Spring hardnes: The harder the spring the harder it is to compress and bike is more responsive and precise. Each sideway bike movement causes the compression of springs. If the springs are too loose the bike will be smooth on turns but unresponsive what is not good on the tracks with chicanes or quick direction changes.
Suspension hight: on higher bike you can lean the bike more on turns. But the cost of it is the stability of the bike. The lower the bike is the more stable, but the turn radius is smaller. Also when the bike brakes the front of the bike gets lower, and it changes the angles of geometry making the bike turn easier/more agressive. When you find the bike is too agressive at the turn entrance. Just rise the front a little bit. Lowering the front will cause the bike turn faster into turns. The side effect is that the bike is more vulnerable to wheelies or rear wheel grip loss.
Compression: If there was no compression or rebound dampers the bike would jump like a ball. The more compression damping is set the more responsive the bike is but on some track irregularities the wheels can just jump over and loose the grip. The same thing goes with rebound damping. When the spring is compressed by direction changes or tarmac irregularity it moves back to its initial position. The speed of that return is regulated by rebound damping.
Handlebars: racing bikes have possibility to chane the rake and trail of the fork. The rake changes the wheel base and make the bike more stable but less responsive to turning. The shorter the wheel base the bike is less stable but turns quicker.
The trail of the wheel is its distance from rotation axis of the fork. To explain it easier look at the wheels in the shop troley. The furhter from the roration of the axis they are, the faster they turn into the direction of riding. I was explained that the same thing aplies to trail of the fork. The bigger the trail the faster fron wheel returns to its direct position, but it also changes the wheel base.
Everything is a matter of balance. Trying and setting. It is very hard on some tracks aspecially on road racing tracks but once you find perfect combination you will be able to go faster and feel more comfortable on higher speeds.

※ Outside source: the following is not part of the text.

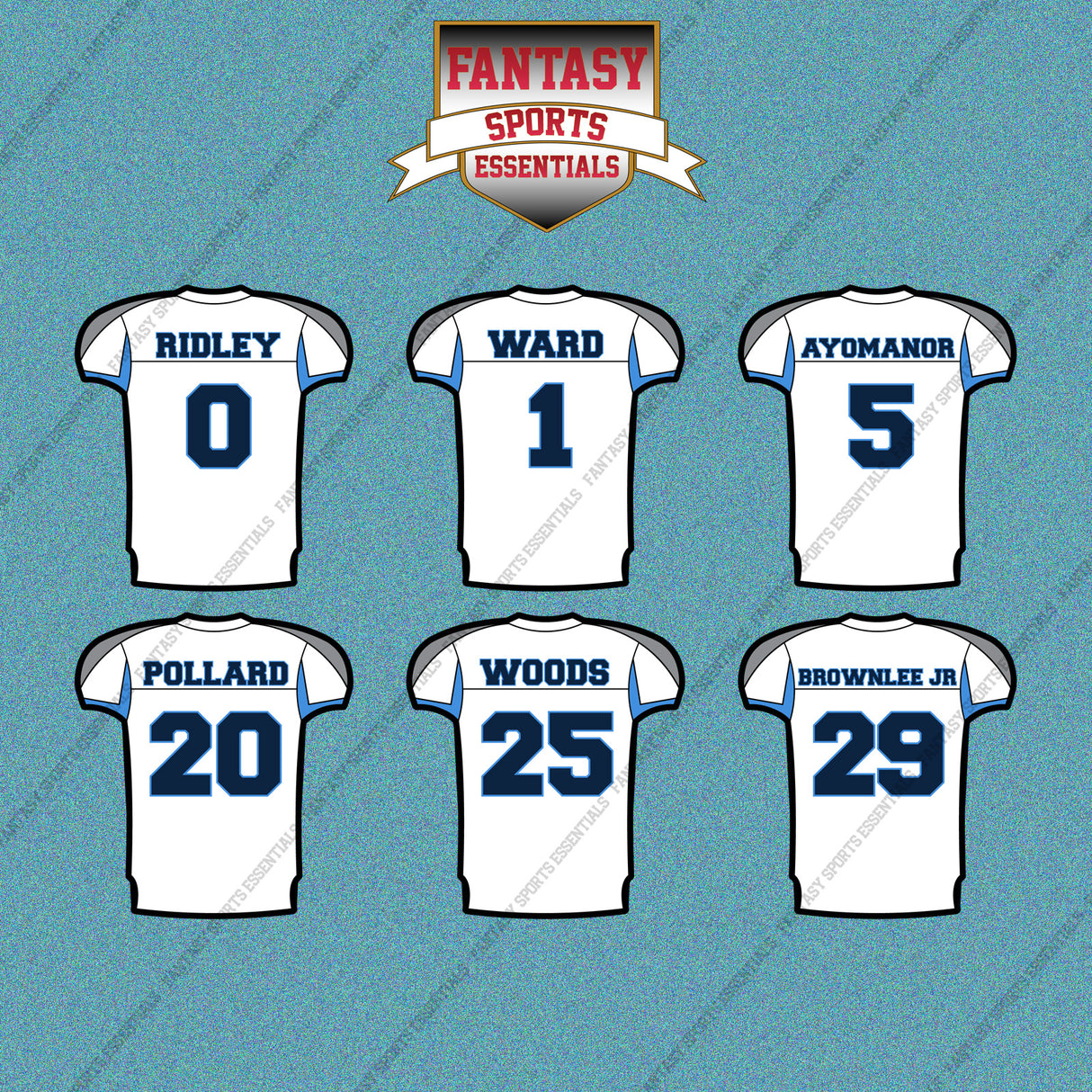 Tennessee Titans 2025 Away Jersey Car Decals (Choose Your Player) Page 1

So here is the way I set motorcycles. I know that these are games and what I have learned from books about suspension setting is not alway the same as in game but at least I try to aply to that rules:
-fast tracks with smooth turns and good surface: lower bike, hard springs, high compression.
-fast tracks with chicanes: medium hight, harder suspension with lower rebound, and higher compression.
-slower tracks with many fast turns, good surface (like Macau): higer bike, smaller fork rake, high compression and medium rebound.
-nurburgring, NW200 etc. : softer springs with bigger compression, small rebound damping, bigger fork rake
there are some tracks like Nurburgring GP Strecke, where is a mix of fast corners with slow turns, and chicane. But also the surface is uneven in some parts. It is hard to find a good setting but I prefer more grip over bike precision and there I set softer.
If I was wrong in any case of something is not clear just let me know.